Una nueva Luna

Las primeras muestras lunares que llegan a la Tierra en 45 años tienen una historia que contar.

Mons Rümker, océano de las Tormentas. [Jean-Yves Letellier, NASA]

Este verano, los científicos chinos empezarán a analizar las muestras lunares de la misión Chang‘e 5, las primeras que llegan a nuestro planeta desde 1976. Estos especímenes podrían obligar a redefinir la cronología del satélite y también la de otros cuerpos de nuestro sistema planetario, por lo que también la comunidad científica internacional está deseando echarles un vistazo.

La misión Chang‘e 5, cuya cápsula de retorno de muestras llegó a la Tierra el pasado diciembre, recogió en torno a 1,7 kilos de suelo y rocas del océano de las Tormentas, en la parte noroccidental de la cara visible. Y aunque las imágenes orbitales sugieren que la corteza de esa región se formó hace unos 1500 millones de años, esa relativa juventud no casa bien con los modelos informáticos. Estos indican que, para entonces, un cuerpo pequeño como la Luna ya tendría que haber perdido el calor interno remanente de su formación, el cual es necesario para impulsar la actividad volcánica que renueva la superficie.

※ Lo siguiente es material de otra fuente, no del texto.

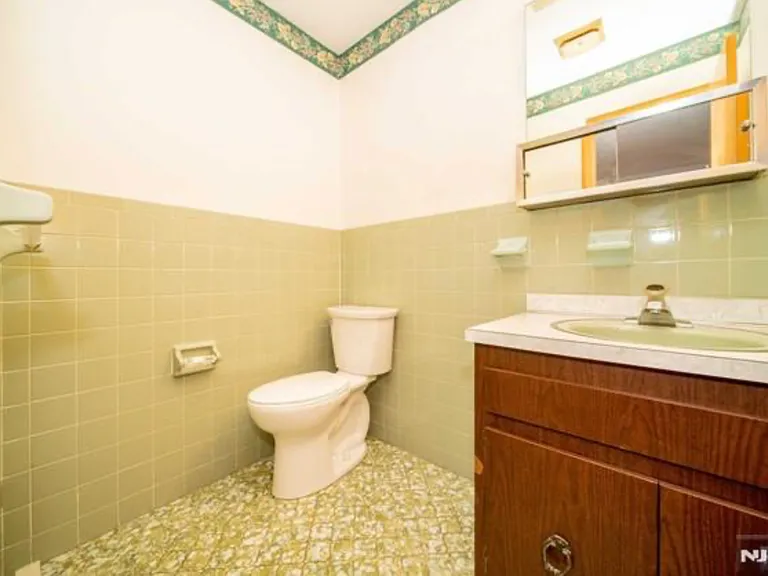 20 Lafayette St #2 — Photo 12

A falta de muestras procedentes de esa región, hasta ahora los científicos habían calculado su edad contando los cráteres de impacto, una técnica aplicable a cualquier cuerpo planetario sólido y que se basa en el hecho de que, cuanto más antigua sea una superficie, más cráteres presentará. Entre 1969 y 1976, las misiones estadounidenses y soviéticas tomaron muestras de la zona ecuatorial, nororiental y septentrional. Estas revelaron que aquellas superficies contaban entre 3000 y 4000 millones de años edad, lo que supuso «una verificación de campo para los modelos de recuento de cráteres», señala Julie Stopar, geomorfóloga del Instituto Lunar y Planetario de Houston. Sin embargo, esas rocas corresponden solo a las regiones más antiguas. «Hasta ahora carecíamos de muestras de cualquier cosa que haya ocurrido hace entre 3000 y 1000 millones de años», continúa la experta.

Si los nuevos especímenes resultasen ser más jóvenes de lo que sugieren los modelos de recuento de cráteres, «eso significará que debemos corregir toda la cronología de la Luna. Se trata de algo bastante fundamental», afirma Jim Head, planetólogo de la Universidad Brown. Otras mediciones, como las relativas a la radiactividad, podrían ayudar a explicar una actividad más prolongada de los volcanes lunares. Conocer esa historia será clave para datar no solo la evolución de la Luna, sino también la de Mercurio, Marte, la Tierra y otros cuerpos.

Entre julio y agosto finalizará el plazo de seis meses del que disponían los científicos chinos para solicitar las muestras. Después, el país asiático tiene previsto abrir las peticiones a equipos científicos internacionales, explica Head. Las entidades financiadas por la NASA tienen prohibido trabajar directamente con China debido a la enmienda Wolf, un veto que el Congreso estadounidense estableció hace un decenio. Sin embargo, es posible hacer excepciones, y otras agencias no estarán sujetas a la prohibición. A Head, por su parte, le gustaría ver un intercambio de muestras de las misiones Apolo y Chang‘e5. «Tengo la esperanza de que en un futuro no muy lejano podamos realizar canjes de ese tipo», concluye el investigador.